Mendiktisaintek Brian Yuliarto mengingatkan mahasiswa agar tetap menguasai fundamental ilmu di tengah perkembangan AI.
“AI harus kita gunakan, harus kita manfaatkan, tetapi tetap yang akan menang dengan AI adalah mereka yang menguasai fundamental dasar-dasar keilmuannya,” ujar Brian saat memberikan orasi ilmiah di Universitas Pendidikan Indonesia (UPI) pada 19 Agustus 2026.
Pesan tersebut menunjukkan bahwa mahasiswa tidak cukup hanya menguasai cara menggunakan AI. Mereka juga perlu memahami bidang ilmunya agar dapat memeriksa informasi dan mengambil keputusan dengan tepat.
Berpikir Kritis Semakin Penting
AI dapat memberikan jawaban dalam hitungan detik. Namun, mahasiswa tetap perlu memeriksa informasi tersebut.
Kemampuan berpikir kritis membantu mahasiswa membandingkan informasi, menemukan kesalahan, dan menentukan jawaban yang sesuai.
Mahasiswa juga perlu memahami masalah sebelum meminta bantuan AI. Teknologi dapat menawarkan beberapa pilihan, tetapi manusia tetap harus menentukan solusi yang paling tepat.
Komunikasi dan Problem Solving
Dunia kerja tidak hanya membutuhkan orang yang mampu menggunakan teknologi. Perusahaan juga membutuhkan pekerja yang mampu berkomunikasi, bekerja sama, dan menyelesaikan masalah.

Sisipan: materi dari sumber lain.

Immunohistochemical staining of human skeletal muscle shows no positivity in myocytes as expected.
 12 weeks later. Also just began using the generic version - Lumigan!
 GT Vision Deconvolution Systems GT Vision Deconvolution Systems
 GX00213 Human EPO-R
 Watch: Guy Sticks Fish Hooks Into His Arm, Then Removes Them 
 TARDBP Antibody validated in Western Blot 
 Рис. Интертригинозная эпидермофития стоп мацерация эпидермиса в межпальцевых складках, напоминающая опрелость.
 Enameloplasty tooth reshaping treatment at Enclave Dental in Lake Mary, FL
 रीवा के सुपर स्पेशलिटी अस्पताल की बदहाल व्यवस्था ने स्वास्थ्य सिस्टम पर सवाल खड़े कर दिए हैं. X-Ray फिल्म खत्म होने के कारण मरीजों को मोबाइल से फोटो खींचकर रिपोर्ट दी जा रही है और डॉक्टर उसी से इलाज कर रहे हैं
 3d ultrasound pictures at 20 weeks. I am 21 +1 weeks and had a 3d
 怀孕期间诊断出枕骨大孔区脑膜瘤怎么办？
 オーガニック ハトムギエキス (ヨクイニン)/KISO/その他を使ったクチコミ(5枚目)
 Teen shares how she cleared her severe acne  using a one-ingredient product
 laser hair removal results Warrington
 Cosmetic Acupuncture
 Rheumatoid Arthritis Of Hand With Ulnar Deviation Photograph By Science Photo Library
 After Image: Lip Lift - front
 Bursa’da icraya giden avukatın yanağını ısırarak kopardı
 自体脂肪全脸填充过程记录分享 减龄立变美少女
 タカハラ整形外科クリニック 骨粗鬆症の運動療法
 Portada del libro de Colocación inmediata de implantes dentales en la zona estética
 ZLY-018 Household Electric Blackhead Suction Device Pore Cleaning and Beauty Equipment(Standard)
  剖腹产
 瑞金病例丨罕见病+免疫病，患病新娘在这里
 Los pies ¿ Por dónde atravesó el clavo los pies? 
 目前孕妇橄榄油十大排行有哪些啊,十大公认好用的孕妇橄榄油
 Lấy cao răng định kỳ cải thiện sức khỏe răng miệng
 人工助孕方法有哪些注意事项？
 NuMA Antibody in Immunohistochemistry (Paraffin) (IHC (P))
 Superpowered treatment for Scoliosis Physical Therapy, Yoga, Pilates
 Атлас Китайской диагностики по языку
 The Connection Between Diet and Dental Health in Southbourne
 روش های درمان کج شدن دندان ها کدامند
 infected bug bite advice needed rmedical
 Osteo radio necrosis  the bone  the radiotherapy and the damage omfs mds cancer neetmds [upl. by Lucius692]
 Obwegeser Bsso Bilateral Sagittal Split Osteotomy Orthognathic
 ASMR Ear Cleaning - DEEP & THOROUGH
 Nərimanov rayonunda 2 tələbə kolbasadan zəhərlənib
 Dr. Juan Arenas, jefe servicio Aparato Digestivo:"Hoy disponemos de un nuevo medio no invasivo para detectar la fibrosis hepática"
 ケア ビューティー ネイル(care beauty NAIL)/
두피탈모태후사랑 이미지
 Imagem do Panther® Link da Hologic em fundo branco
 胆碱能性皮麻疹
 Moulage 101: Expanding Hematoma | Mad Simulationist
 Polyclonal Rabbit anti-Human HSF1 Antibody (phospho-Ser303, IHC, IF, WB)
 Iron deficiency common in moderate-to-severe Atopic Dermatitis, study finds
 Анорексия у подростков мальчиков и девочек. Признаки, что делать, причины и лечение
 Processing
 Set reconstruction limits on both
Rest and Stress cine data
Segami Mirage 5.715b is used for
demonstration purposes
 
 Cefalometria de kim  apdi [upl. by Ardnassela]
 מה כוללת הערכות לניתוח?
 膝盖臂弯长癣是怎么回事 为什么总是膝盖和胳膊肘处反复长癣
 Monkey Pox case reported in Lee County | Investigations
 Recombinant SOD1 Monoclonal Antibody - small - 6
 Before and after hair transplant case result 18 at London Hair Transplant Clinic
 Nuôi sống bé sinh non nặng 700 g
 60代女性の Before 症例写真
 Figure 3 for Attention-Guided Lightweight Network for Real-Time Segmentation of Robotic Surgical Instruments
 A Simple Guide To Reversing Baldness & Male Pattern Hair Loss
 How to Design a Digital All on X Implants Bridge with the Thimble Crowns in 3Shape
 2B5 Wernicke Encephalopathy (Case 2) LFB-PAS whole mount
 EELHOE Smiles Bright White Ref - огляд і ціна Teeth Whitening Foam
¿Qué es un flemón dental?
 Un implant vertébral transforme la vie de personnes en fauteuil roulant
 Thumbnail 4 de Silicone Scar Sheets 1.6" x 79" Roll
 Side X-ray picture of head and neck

Kemampuan komunikasi membantu seseorang menyampaikan ide dengan jelas. Kemampuan tersebut juga mendukung kerja sama dalam sebuah tim.
Sementara itu, problem solving membantu seseorang mencari akar masalah dan menentukan langkah penyelesaian.
Kreativitas dan kemampuan beradaptasi juga tidak kalah penting. Perkembangan teknologi membuat dunia kerja terus berubah. Karena itu, lulusan perlu siap mempelajari hal baru.
Jangan Hanya Mengandalkan IPK
Nilai akademik memang penting, tetapi mahasiswa juga perlu mencari pengalaman di luar kelas.
Organisasi, proyek, penelitian, kegiatan kampus, dan magang dapat menjadi ruang bagi mahasiswa untuk mengasah kemampuan.
Pengalaman tersebut juga membantu mahasiswa mengenali cara kerja sebuah tim dan menghadapi masalah secara langsung.
Pada akhirnya, mahasiswa tidak perlu menghindari AI. Mereka justru perlu belajar memanfaatkannya sebagai alat bantu.
Mahasiswa tetap harus menguasai ilmu dasar, berpikir kritis, berkomunikasi, memecahkan masalah, dan beradaptasi dengan perubahan.
AI mungkin dapat mengerjakan banyak pekerjaan, tetapi kemampuan manusia dalam berpikir dan mengambil keputusan tetap menjadi nilai penting bagi seorang lulusan.